Work to complete -
In the entries that follow, find the line containing "Bathroom 4, Falcon Executive Inn, Zapata"; from there, copy every line exactly through the line containing "Ford Focus 1.5 TDCi Trend Sport - 9".

Listed records -
* * * * * * *

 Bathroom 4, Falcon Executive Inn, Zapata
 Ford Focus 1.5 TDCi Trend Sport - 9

* * * * * * *

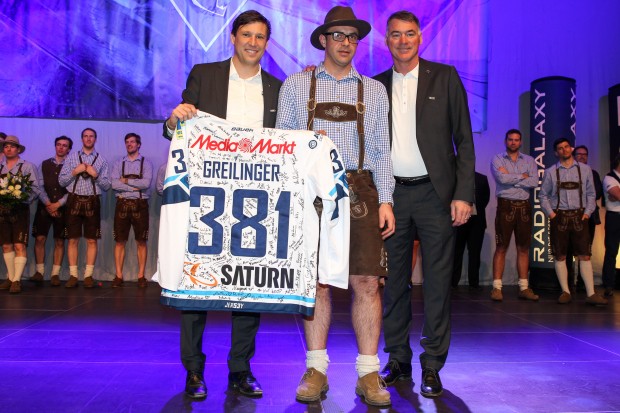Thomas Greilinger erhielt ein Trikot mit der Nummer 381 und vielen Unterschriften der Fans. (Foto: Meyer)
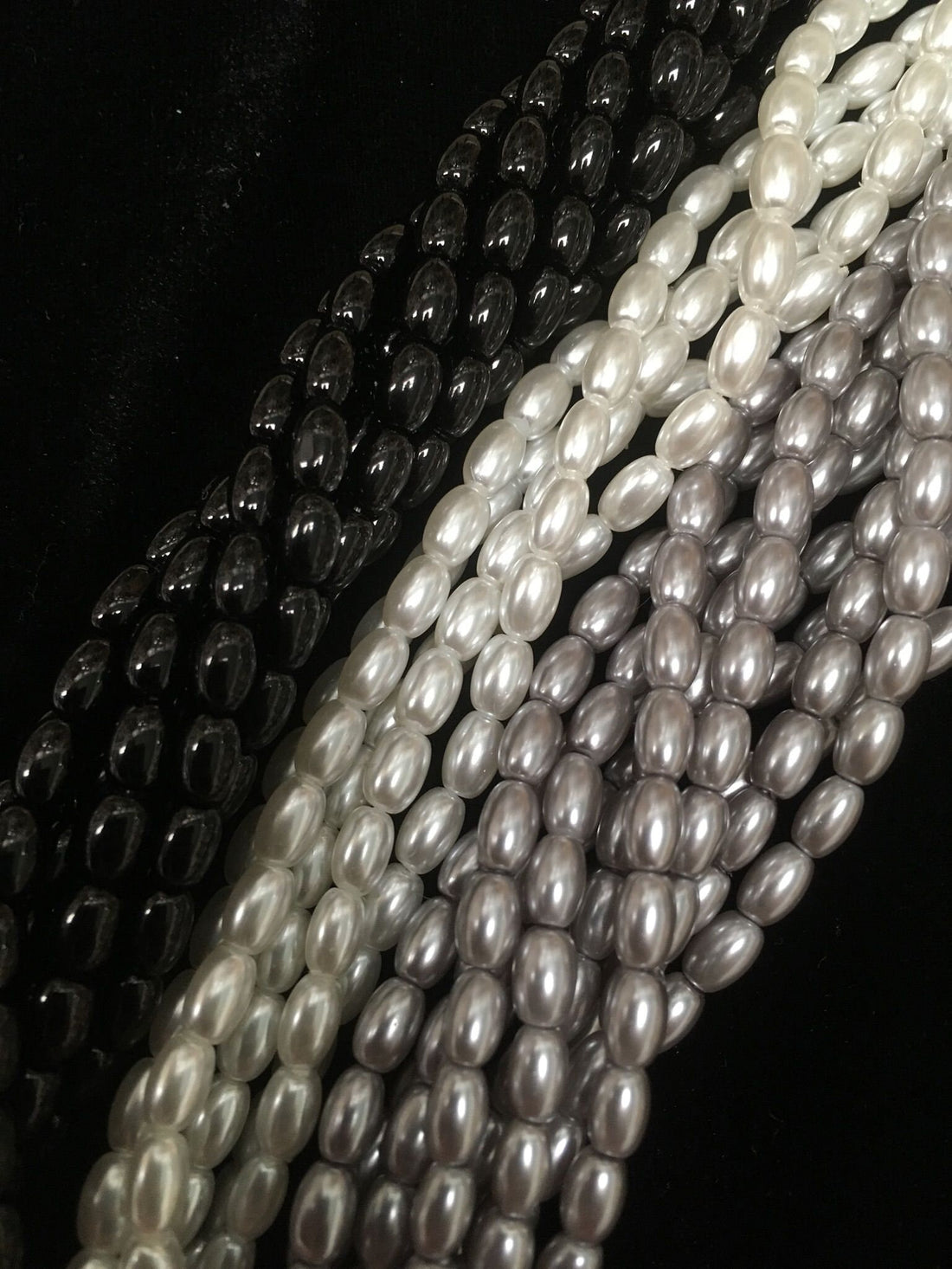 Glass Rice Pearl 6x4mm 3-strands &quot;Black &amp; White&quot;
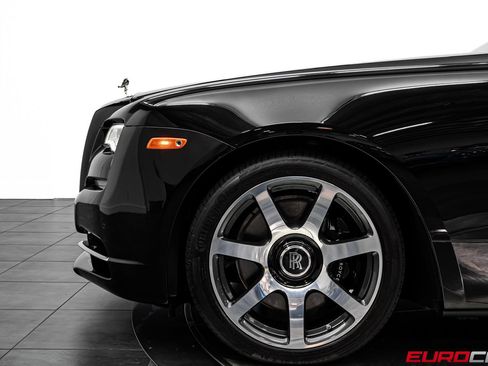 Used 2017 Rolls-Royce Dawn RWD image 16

* * * * * * *

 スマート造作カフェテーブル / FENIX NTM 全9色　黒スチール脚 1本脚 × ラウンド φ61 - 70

* * * * * * *

Response to the exercise -
 Bathroom 4, Falcon Executive Inn, Zapata
 Ford Focus 1.5 TDCi Trend Sport - 9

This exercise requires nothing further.